For many years, investors preferred gold and government bonds against market uncertainties as a safe port. However, financial markets, geopolitical tensions and increasing systemic insecurity, which are open 24/7 on a global scale, have questioned this approach. Especially the performance of crypto currencies such as Bitcoin reveals a remarkable transformation compared to traditional investment instruments. Great economic shocks in recent years bring a radical restructuring in the investment approach.
Bitcoin’s performance is forcing tradition
In the past, portfolio management was often based on 60 %stock and 40 %fixed -oriented securities. In recent years, however, this formula has begun to stretch against the developments in the crypto currency market. Since the COVID-19 pandema, the price of Bitcoin has increased by more than 1000 %. In the same period, long -term government bonds and gold were forced to offer the protection expected by investors.
The fact that Bitcoin was initially perceived as a risky being due to its high volatility changed over time. In some periods, BTC, which acts similar to technology shares, attracted attention by showing a more resistant stance in some moments of crisis. In particular, different price movements were observed during COVID-19 crisis, banking tremors and Japanese new Carry Trade dissolution. Although Bitcoin was sometimes a leverage investment, he was sometimes more intact than traditional beings.
Changing financial perception and position of Bitcoin
According to the assessment of Nydig Research, crypto currencies such as Bitcoin, which are independent and non -sovereign of political influences, may be advantageous in today’s complex global environment. In particular, the aggressive monetary policies of the central banks and the increase in geopolitical risks shadows the charm of classic safe ports such as gold and bonds. Bitcoin, on the other hand, is settled in the alternative position with its global liquidity, censorship and impartial structure.

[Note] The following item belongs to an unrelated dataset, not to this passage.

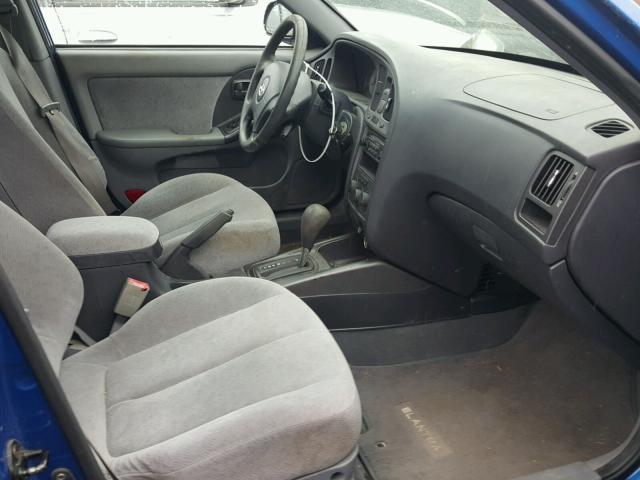 KMHDN46D55U925423 - 2005 HYUNDAI ELANTRA GL BLUE photo 5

Investors are no longer in search of low volatility. Qualifications such as durability, impartiality and ease of processing have started to be effective in choosing assets such as Bitcoin. In addition, the increase in long -term interest rates led bonds under pressure, while Bitcoin’s risk -adjusted return reached equivalent levels with traditional assets in some analyzes.
According to experts, Bitcoin’s previous tested bottom levels may be possible support points in the future. This shows that while rethinking the portfolio structure of investors, Bitcoin is no longer excluded and the strategic importance of the crypto currency market is noticed.
Responsibility Rejection: The information contained in this article does not contain investment advice. Investors should be aware that crypto currencies carry high volatility and thus risk and carry out their operations in line with their own research.